SODA SPRINGS, Calif. – Despite the incredibly dry winter California has experienced this year, Tahoe ski resorts were surprisingly white the last weekend in March. With fresh snow blanketing the mountains and little flurries floating toward the ground, Carol Schick-Lyda and the Auburn Ski Club could not have asked for better conditions for the Chuck Lyda Memorial Biathlon in Soda Springs, Calif., March 30.
Chuck Lyda was an Olympic and world champion kayaker. He also loved skiing and was named the first Nordic director for the Auburn Ski Club Training Center and was the Head Coach for the U.S. Biathlon Team in the XVIII Winter Olympics.
He served over 20 years in the California National Guard. He was appointed as the Head Coach and Assistant Officer in Charge of the Army’s World Class Athlete Program Biathlon Team from 1995 to 2002.
“We used to talk quite a bit about competing, training, and the dedication needed to be at the top level in sports,” said Staff Sgt. Darryl Moxley, a member of the California National Guard biathlon team, who knew Lyda through the Guard. “However, I never knew he was a Olympian and World Cup level athlete. He was very humble.”

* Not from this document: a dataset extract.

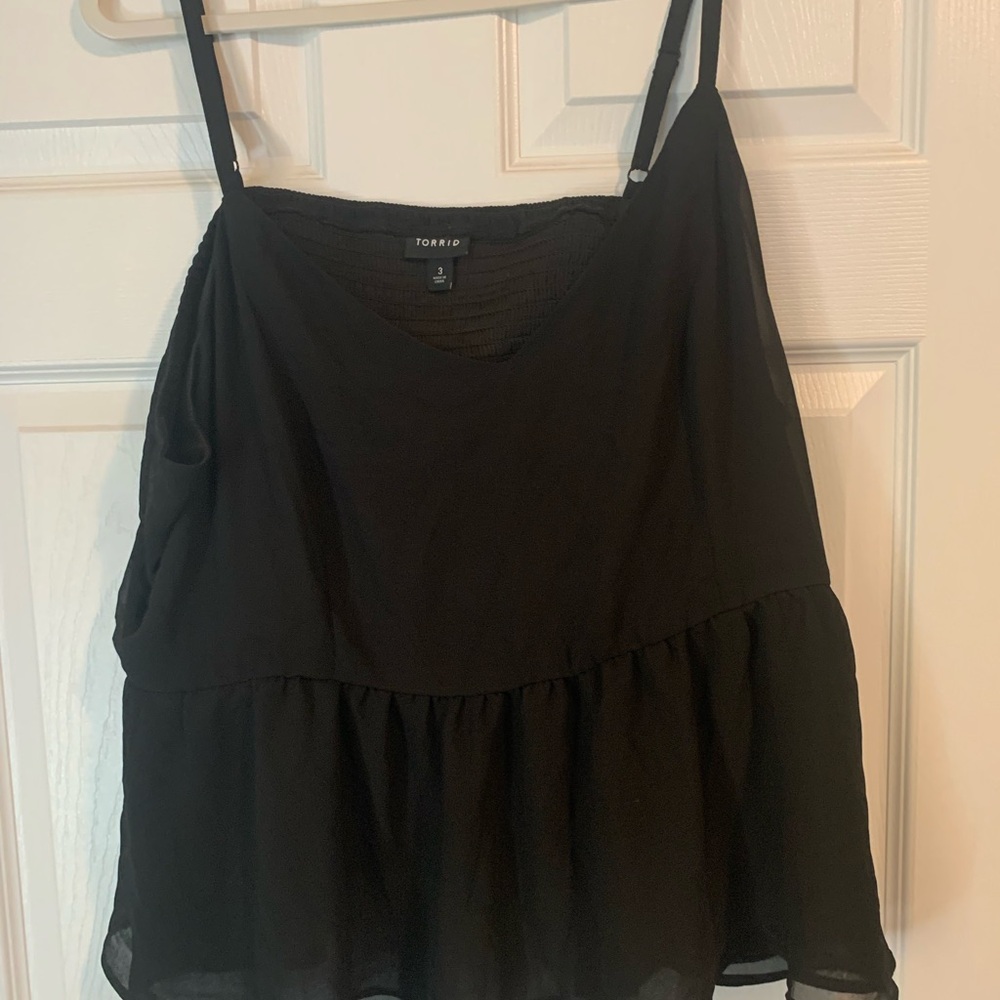 Torrid Black Ruffled Peplum Camisole 3X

Moxley said it meant a great deal to him to be able to compete in the event.
“I have gained a great deal of respect and admiration for a man who accomplished so much athletically,” Moxley said.

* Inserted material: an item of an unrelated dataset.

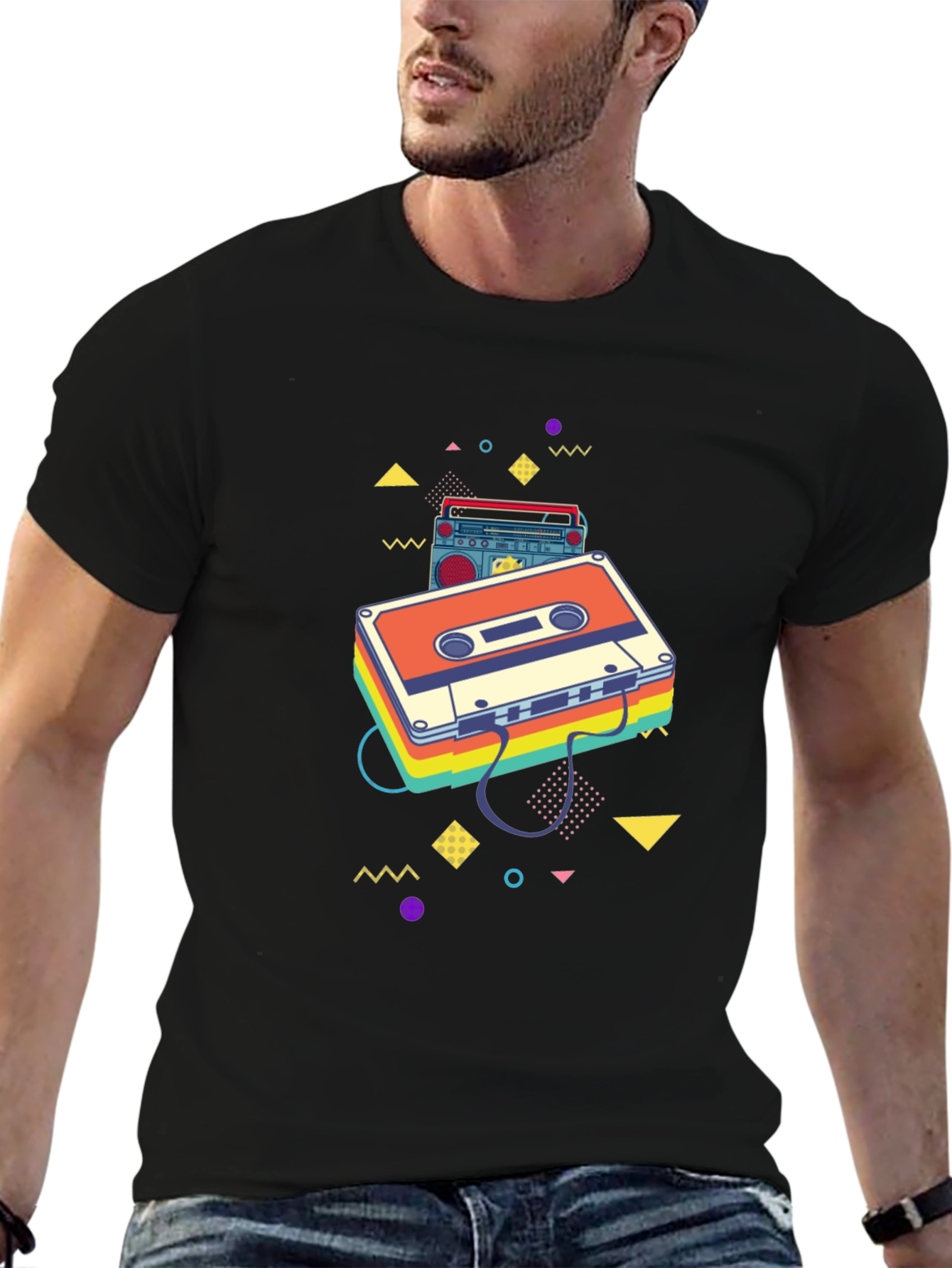 Retro Cassette Tape Graphic Tee - Black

Over 50 pro, novice and youth biathletes competed in the race this year.
Two members of the California National Guard biathlon team also participated to pay respect to the late athlete.
“We competed to honor the life of dedicated service Chuck had, not just to the California National Guard but also to the community and to the athletic legacy of California’s youth,” said Lt. Col. Dan Markert, a member of the biathlon team who worked with Lyda coordinating mobilizing troops in Iraq in 2005.
His wife, Carol, and the Auburn Ski Club started the memorial biathlon event in 2010 after Lyda passed away.
“I wanted to continue his legacy,” Carol said. “Every year the race is getting bigger and I am very happy with the draw it has for the novice athlete.”
Lyda was dedicated to teaching skiing to athletes new to the sport. He taught cross-country skiing, ski jump, alpine ski and biathlon.
“He was a rockstar,” Daniel Schnurrenberger, a former kayaking teammate, friend and colleague of Lyda, said. “Between work ethic and skill, he had such an incredible dedication that really impressed me. There was never a quit in him.”